The work carried out by Cenia doctoral student Pablo Sanabria, together with Felipe Tapia, and researchers Andrés Neyem, who participates as an associate researcher at Cenia, and Rodrigo Toro Icarte, junior researcher at the center, both from the research line “Deep Learning for Vision and Language” (RL1), was published by the scientific publishing house Multidisciplinary Digital Publishing Institute (MDPI), one of the main open-access publishers for academic outreach. The paper was published in the Special Issue “Distributed Computing Systems and Applications,” a journal that focuses on the publication of new discoveries and new trends in computing and software engineering towards distributed systems.
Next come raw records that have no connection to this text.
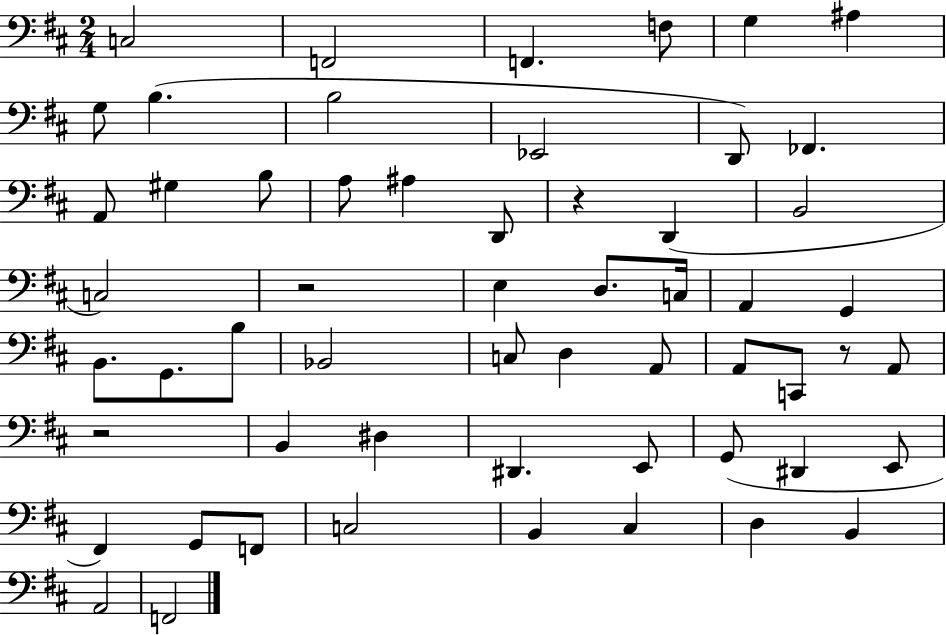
{
  \clef bass
  \numericTimeSignature
  \time 2/4
  \key d \major
  c2 | f,2 | f,4. f8 | g4 ais4 | \break g8 b4.( | b2 | ees,2 | d,8) fes,4. | \break a,8 gis4 b8 | a8 ais4 d,8 | r4 d,4( | b,2 | \break c2) | r2 | e4 d8. c16 | a,4 g,4 | \break b,8. g,8. b8 | bes,2 | c8 d4 a,8 | a,8 c,8 r8 a,8 | \break r2 | b,4 dis4 | dis,4. e,8 | g,8( dis,4 e,8 | \break fis,4) g,8 f,8 | c2 | b,4 cis4 | d4 b,4 | \break a,2 | f,2 | \bar "|."
}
The article titled “Solving Task Scheduling Problems in Dew Computing via Deep Reinforcement Learning”, presents and proposes the use of an agent that uses artificial intelligence (AI) techniques to learn to distribute tasks among several devices that are connected through a local network. Andres Neyem pointed out that “the results show that the agent is able to learn to distribute tasks better than the state of the art.”
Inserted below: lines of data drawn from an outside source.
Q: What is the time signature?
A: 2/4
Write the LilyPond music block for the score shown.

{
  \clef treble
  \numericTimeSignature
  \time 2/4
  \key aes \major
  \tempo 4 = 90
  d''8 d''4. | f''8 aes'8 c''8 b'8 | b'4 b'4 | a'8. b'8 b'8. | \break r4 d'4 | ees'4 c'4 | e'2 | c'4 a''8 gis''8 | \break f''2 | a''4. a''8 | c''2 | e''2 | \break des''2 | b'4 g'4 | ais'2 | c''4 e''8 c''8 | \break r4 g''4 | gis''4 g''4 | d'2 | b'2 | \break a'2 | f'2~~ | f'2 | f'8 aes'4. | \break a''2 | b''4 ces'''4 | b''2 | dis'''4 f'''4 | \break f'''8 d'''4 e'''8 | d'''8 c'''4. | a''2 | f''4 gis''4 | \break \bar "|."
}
Andrés points out that, due to technological advances, the hardware potential of mobile devices and loTs is much greater than it was four years ago, and with the outlook that this potential will increase over time, it is feasible to think that these devices will be able to perform increasingly complex tasks. These types of functions include, for example, pattern or object recognition in videos and images, complex mathematical calculations, simulations, etc. But, despite this potential, such technological instruments still have a couple of important limitations such as battery life, stability and quality of the network connection due to the wireless nature of these devices.
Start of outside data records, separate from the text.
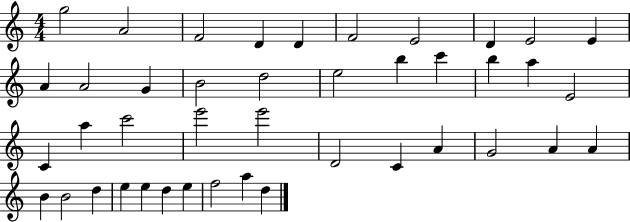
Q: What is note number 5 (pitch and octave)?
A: D4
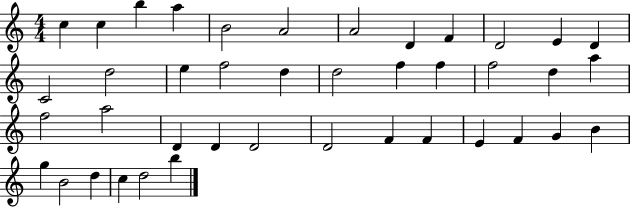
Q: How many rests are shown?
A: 0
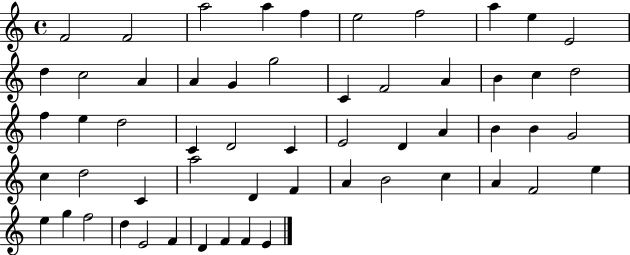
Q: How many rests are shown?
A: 0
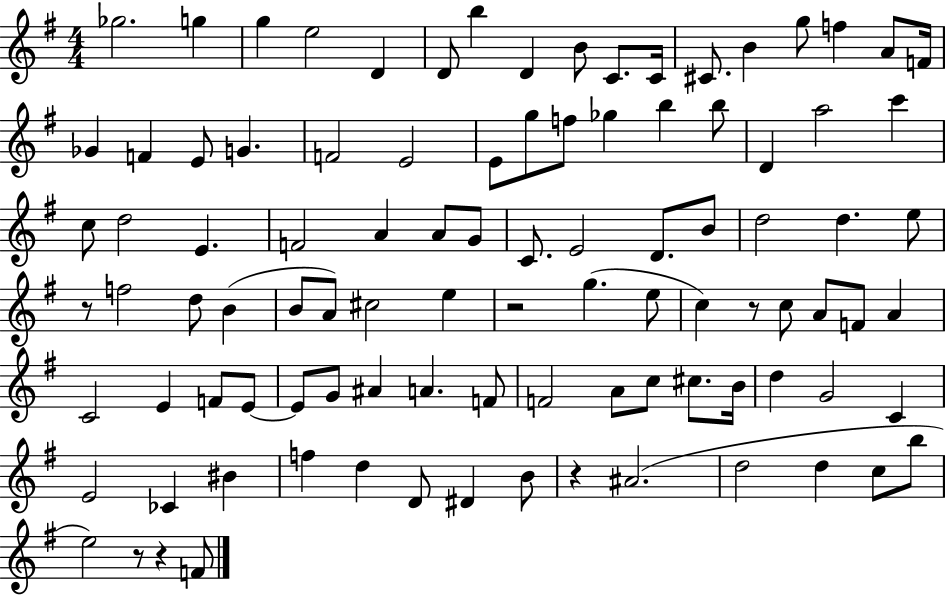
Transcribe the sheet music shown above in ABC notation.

X:1
T:Untitled
M:4/4
L:1/4
K:G
_g2 g g e2 D D/2 b D B/2 C/2 C/4 ^C/2 B g/2 f A/2 F/4 _G F E/2 G F2 E2 E/2 g/2 f/2 _g b b/2 D a2 c' c/2 d2 E F2 A A/2 G/2 C/2 E2 D/2 B/2 d2 d e/2 z/2 f2 d/2 B B/2 A/2 ^c2 e z2 g e/2 c z/2 c/2 A/2 F/2 A C2 E F/2 E/2 E/2 G/2 ^A A F/2 F2 A/2 c/2 ^c/2 B/4 d G2 C E2 _C ^B f d D/2 ^D B/2 z ^A2 d2 d c/2 b/2 e2 z/2 z F/2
To use these devices in distributed systems, as in traditional systems, it is important to have scheduling algorithms that know how and when to assign a task (or part of it) to a device within the network. For these types of devices, the scheduling algorithm must take into account the unique characteristics of mobile and/or IoT devices (battery, connectivity and their computing power). Currently, there are scheduling algorithms that suggest how to solve this problem, and this paper proposes to use AI approaches and techniques, such as reinforcement learning, so that scheduling algorithms can automatically distribute tasks in the most optimal way possible.
In addition, the researcher highlighted the importance of publishing in a journal of such impact as Wos. “For us to be published in this journal is very encouraging, and it also shows us that the discoveries we are making are relevant to science. The fact that the journal is Open Access motivates us a lot, because it allows our discoveries to be read and analyzed by the scientific community in a more accessible way,” he concludes.